#### What this task involves:
Retype all of the data word for word, without pictures.

#### Data segment:
..............................
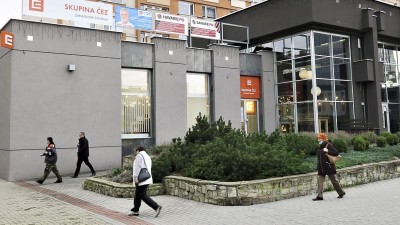 Jedno ze Zákaznických center Skupiny ČEZ na severu Čech se například nachází v Chomutově. Foto: Ota Schnepp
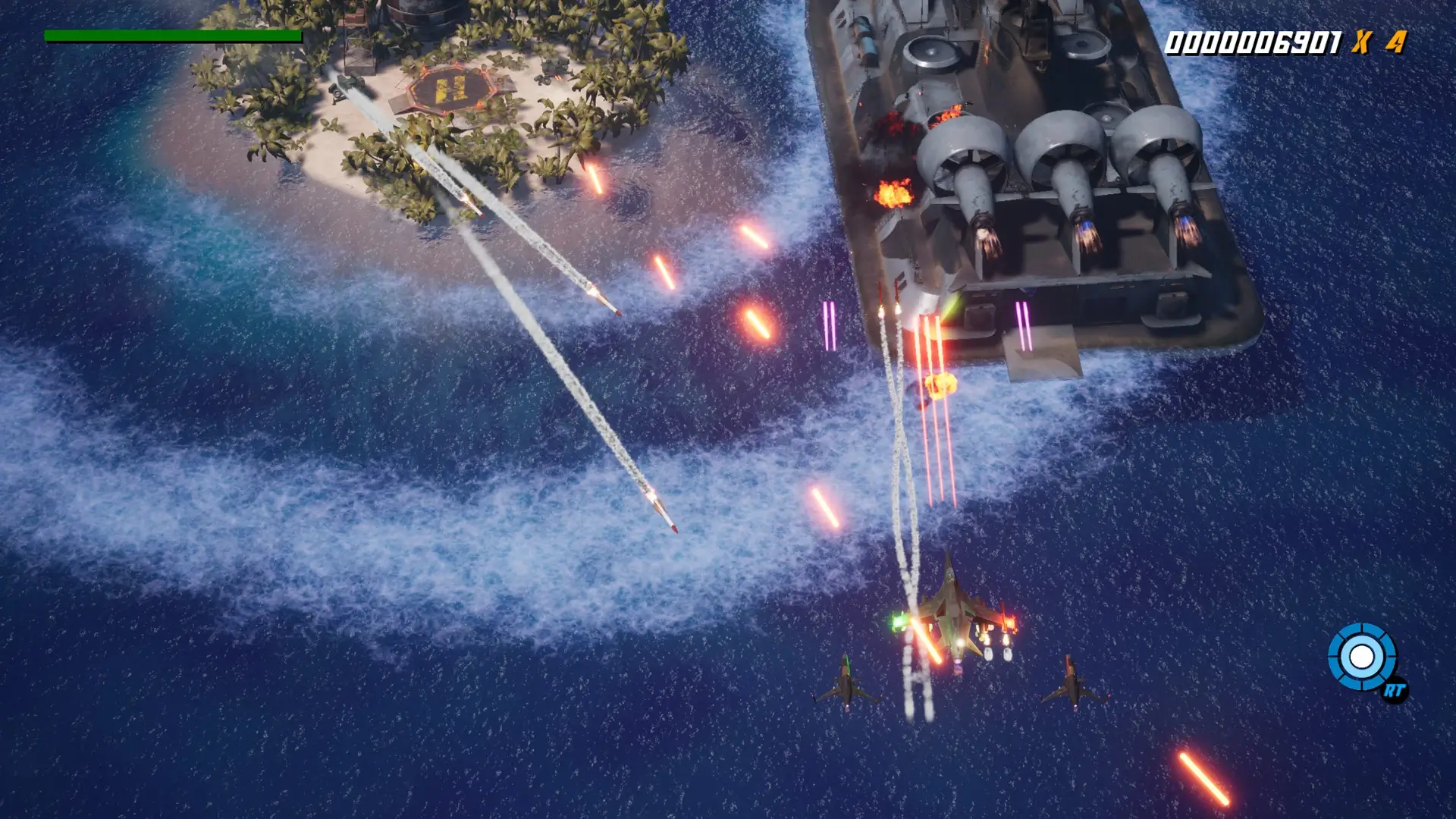 Cloud Cutter Gameplay Screenshots 1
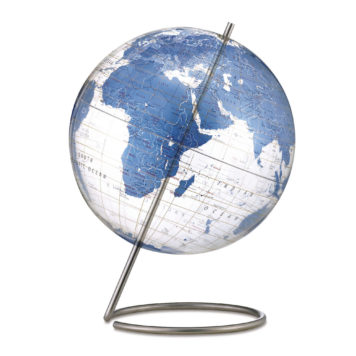 Diamond Marquise 12″ Blue Desk – Replogle Globes | Replogle Globes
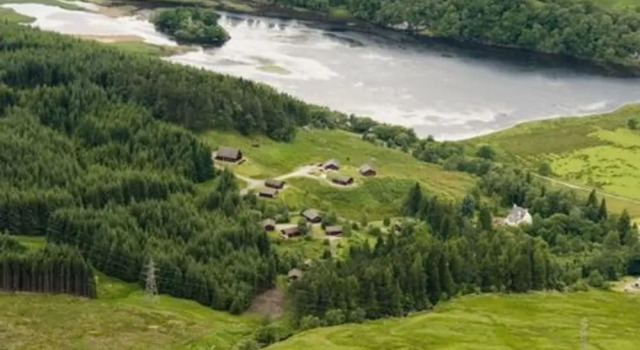 Шале Osprey Lodge with river and mountain view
..............................
#### Output for this task:
 Jedno ze Zákaznických center Skupiny ČEZ na severu Čech se například nachází v Chomutově. Foto: Ota Schnepp
 Cloud Cutter Gameplay Screenshots 1
 Diamond Marquise 12″ Blue Desk – Replogle Globes | Replogle Globes
 Шале Osprey Lodge with river and mountain view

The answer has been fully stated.